# A question about shortening Trumark Bands for kids slingshot



## brucered (Dec 30, 2015)

I searched but couldn't find an answer, so have to ask for safety.

If I want to shorten the red tubular Trumark bands on a slingshot (not yet installed) for our son, is it safe? I'm guessing I can just pull them down further on the frame (as in the pic) or cut them with scissors and installed them as normal (as in the other pic).

Is that any precautions or concerns I should be worried about? What is best way to measure his drawn length up.

Thanks,

Bruce


----------



## treefork (Feb 1, 2010)

To measure his draw length simply have him assume a full draw position while you measure the active band length needed . You can cut the existing bands and slide back onto the prongs with the aid of some rubbing alcohol as a lubricant . DON'T cut off too much ! Allow to dry for 24 hours and test it before handing it to him . Have him wear safety glasses . Remember if those tubes are too heavy for the little guy you can mount flats or an office rubber band set that's easier .


----------



## brucered (Dec 30, 2015)

Thanks @treefork

We always wear eye protection and I've taught them to inspect their bands for knicks/cuts.

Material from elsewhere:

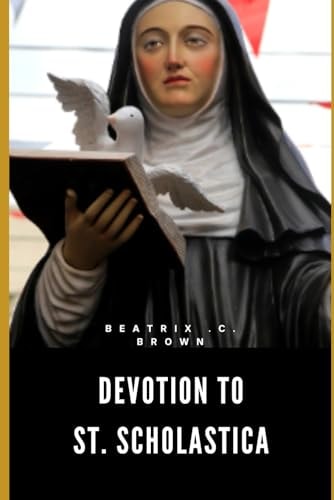 Devotion to St. Scholastica Nine Days Prayer to Saint of Benedictine Nuns, Education and Convulsive Children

I'll get him measures up and install his red band. I'm looking in to flatbands already as I expect to own a few slingshots shortly. I've read about "office rubber bands" a bit and will have to research that.

We will wait 24hrs prior to shooting as well, same as we did when I installed mine.

Thanks for your help.

All evidence has been buried. All tapes have been erased.


----------



## RealLucky (Dec 28, 2015)

Make sure to use something that evaporates completely, such as rubbing alcohol like treefork said. I messed up with my first Trumark and got a nice slap in the face from a lubed band. Had to throw the set away, as I couldn't get the oil out of the tube insides.


----------



## SlingshotBill (May 29, 2014)

You could just buy a set of those daisy tubes there pretty short


----------



## treefork (Feb 1, 2010)

Here is a video on draw length measurement


----------



## brucered (Dec 30, 2015)

RealLucky said:


> Make sure to use something that evaporates completely, such as rubbing alcohol like treefork said.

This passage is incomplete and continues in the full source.